A VIZINHA PERFEITA (The Perfect Neighbor, 2025, de Geeta Gandbhir): Ganhou o prêmio de melhor direção na mostra de documentários do último Festival de Sundance, além de ter vencido as categorias de melhor documentário, direção, montagem, documentário de arquivo e true crime da edição do Critics’ Choice Awards dedicada ao gênero. Todos os reconhecimentos são merecidos para este filme impactante de Geeta Gandbhir sobre o homicídio de Ajike Owens, morta pela vizinha Susan Loricz em 2023 após uma série de disputas envolvendo um grupo de crianças que brincava nas redondezas da vizinhança.

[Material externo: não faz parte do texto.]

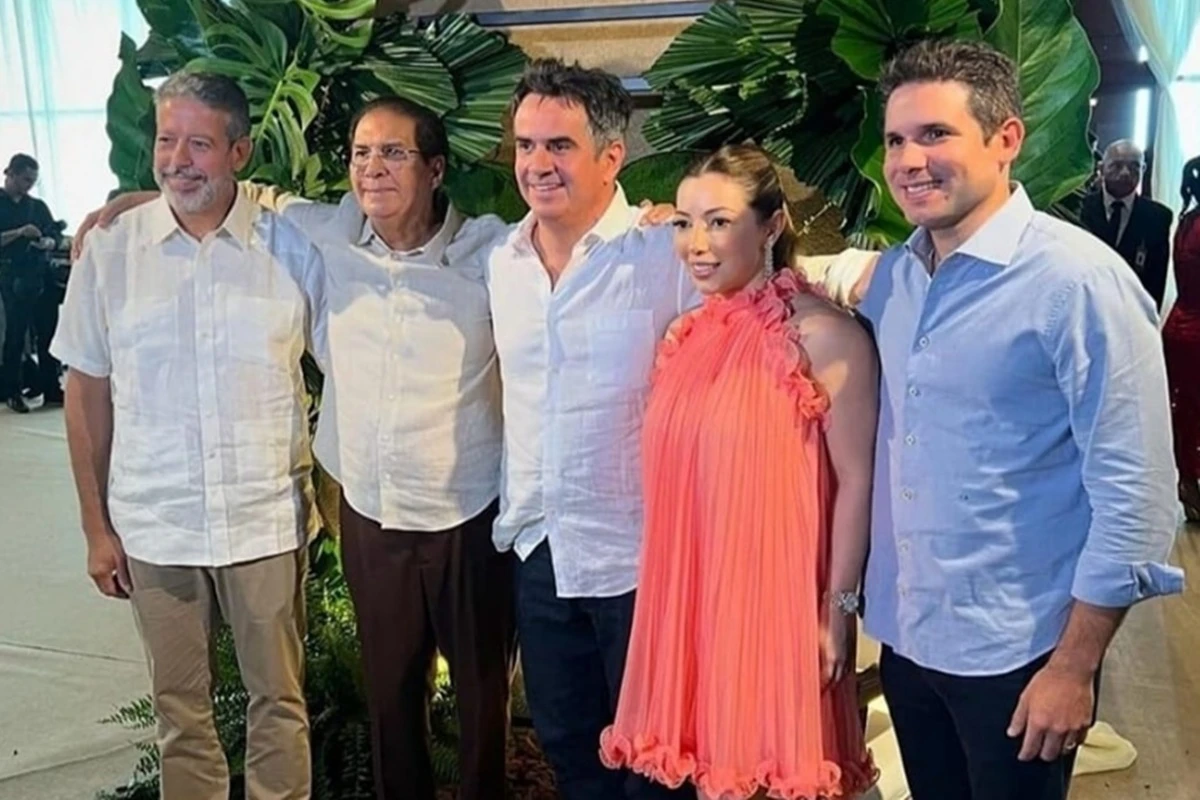 Hugo Motta usou R$ 110 mil para ir de jatinho a festa de aniversário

Cerca de 90% do que se vê em A Vizinha Perfeita é constituído de câmeras acopladas aos uniformes dos policiais ao longo de todo o conflito, o que traz uma eficiência angustiante ao resultado, uma vez que acompanhamos todo o desenrolar dos fatos como se de fato estivéssemos em campo com as autoridades. Com o mínimo de interferência em cima dos acontecimentos, o documentário examina as controvérsias envolvendo a lei conhecida como “Stand Your Ground” nos Estados Unidos, que, basicamente, legitima ataques até mesmo letais caso seja comprovada a defesa do que se entende como território físico de cada pessoa. Obviamente, a lei é mais uma porta de entrada para a perpetuação do racismo sistêmico, já que estatísticas comprovam que a população negra sempre é a mais penalizada na aplicação dos efeitos da Stand Your Ground, principalmente em casos como o de Ajike Owens e Susan Loricz, sem provas concretas do crime, apenas a palavra de uma pessoa sobre o ocorrido. São questões que lançam luz sobre tantas outras definidoras da sociedade estadunidense — o porte de armas, a violência urbana, a desigualdade social — e que A Vizinha Perfeita conduz sem sensacionalismo, mesmo tendo um lado muito bem definido sobre toda a situação. Condenada a 25 anos de prisão, Susan Loricz sempre alegou inocência, mas conclusões de sobra podem ser tiradas a partir do documentário sobre como ela encapsula a maneira elástica e relapsa com que os Estados Unidos administram leis tão suscetíveis a relativizar o caos e a letalidade.